MRJの降着装置(いわゆる脚)の開発を担当することになった住友精密工業は、国内の脚をほぼ独占している。防衛省向け輸送機、対潜哨戒機はもちろん、初の国産旅客機YS‐11、三菱重工業のMU2、MU300の脚も住友精密が開発した。

ところが、その住友精密が脚を手掛けたのは戦後になってからだ。戦前はプロペラの主力メーカーであり、尼崎市にある現在の本社工場で零戦のプロペラを生産していた。

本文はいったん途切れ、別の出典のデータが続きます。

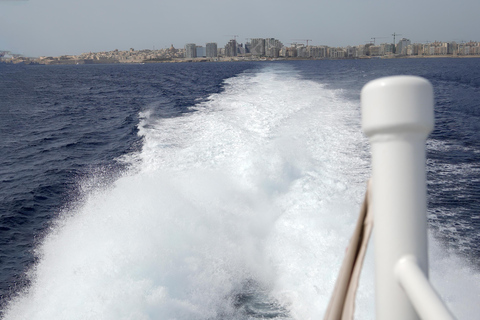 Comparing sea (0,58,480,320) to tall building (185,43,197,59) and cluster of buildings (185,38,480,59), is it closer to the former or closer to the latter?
cluster of buildings (185,38,480,59)

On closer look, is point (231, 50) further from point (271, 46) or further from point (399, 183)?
point (399, 183)

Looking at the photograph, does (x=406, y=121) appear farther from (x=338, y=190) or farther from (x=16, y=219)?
(x=16, y=219)

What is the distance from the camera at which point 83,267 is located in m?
5.42

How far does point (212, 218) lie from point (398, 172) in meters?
6.25

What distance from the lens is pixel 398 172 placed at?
28.1 inches

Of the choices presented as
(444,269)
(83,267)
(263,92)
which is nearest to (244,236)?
(83,267)

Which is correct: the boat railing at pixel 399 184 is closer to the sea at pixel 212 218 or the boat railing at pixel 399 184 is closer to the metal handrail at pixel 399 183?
the metal handrail at pixel 399 183

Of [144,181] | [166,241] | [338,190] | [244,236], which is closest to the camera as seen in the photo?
[166,241]

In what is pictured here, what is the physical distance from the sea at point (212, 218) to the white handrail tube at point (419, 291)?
415cm

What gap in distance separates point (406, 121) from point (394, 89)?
6cm

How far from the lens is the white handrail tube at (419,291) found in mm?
635

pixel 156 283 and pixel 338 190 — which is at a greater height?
pixel 338 190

ジェット機時代を迎え、プロペラ一本でやっていけるか。GHQによって航空機生産を禁じられた“空白の7年”を経て、脚に進出することを決断。プロペラの加工機械が転用できるという単純な理由だが、決断以降は、落下試験装置の導入など設備投資で先行し、零戦の脚を生産したカヤバ工業を追い落とした。

航空機の脚は、激しい着陸の衝撃に耐え、機体を守らなければならない。太く、重く、頑丈な脚を作るのなら簡単だが、航空機の宿命は、いかに小さく軽くするか。超がつくほど堅い高強度鋼を肉薄で複雑な形状に加工するが、加工するうちに、材料が熱を持ち、強度が落ちる。強度が目標値をクリアしているか、削っては確認し、磨いては確認する。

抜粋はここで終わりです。